The company's stock was down 6% before the bell on Friday after CEO Raj Subramaniam said the day before that FedEx ( FDX ) was "navigating a very challenging operating environment."

Rival UPS' shares also fell 1.3% premarket.

U.S. President Donald Trump's import tariffs have created uncertainty for businesses, prompting them to be more cautious with their spending as they navigate an uncertain economic landscape.

Both FedEx ( FDX ) and UPS are viewed as barometers for the global economy due to their involvement with a wide range of industries.

Shipments from companies that produce goods used in manufacturing drive substantial cargo volumes and high-margin deliveries for the delivery firms.

Analysts and economists have said that Trump's import levies could trigger a recession and a trade war, further affecting transportation and delivery demand.

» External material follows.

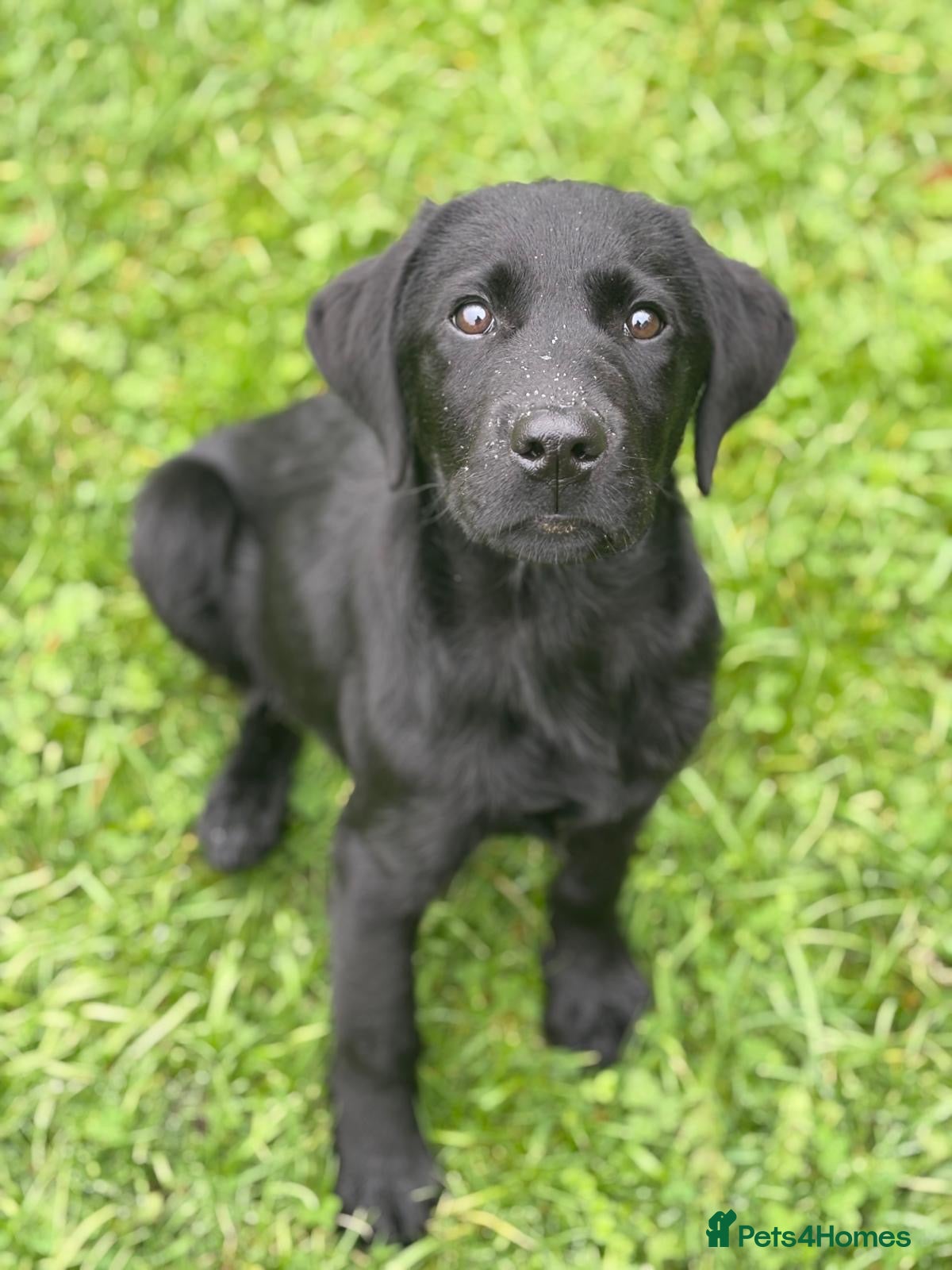 Labrador Retriever dogs Fully Trained Labrador  - Advert 2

"FedEx's ( FDX ) Q3 print and full-year forecast cut will likely exacerbate concerns of structural pressures in the parcel business," Morgan Stanley said, adding that it may even overwhelm the company's cost-cutting program.

FedEx ( FDX ) has been reducing costs as demand for lower-margin e-commerce deliveries from companies such as Temu and Shein outpaces higher-margin business-to-business shipments.

"Management noted weakness in the industrial economy and, while macro is a factor, we believe structural forces are a far bigger headwind than the market thinks," Morgan Stanley added.

Memphis-based FedEx ( FDX ) lowered its fiscal 2025 profit forecast on Thursday and now expects adjusted earnings per share between $18.00 and $18.60, compared with its previous outlook of $19 to $20.

The company also expects revenue for the 12 months ending May to be flat to slightly down year-on-year, versus its earlier forecast for it to be about flat.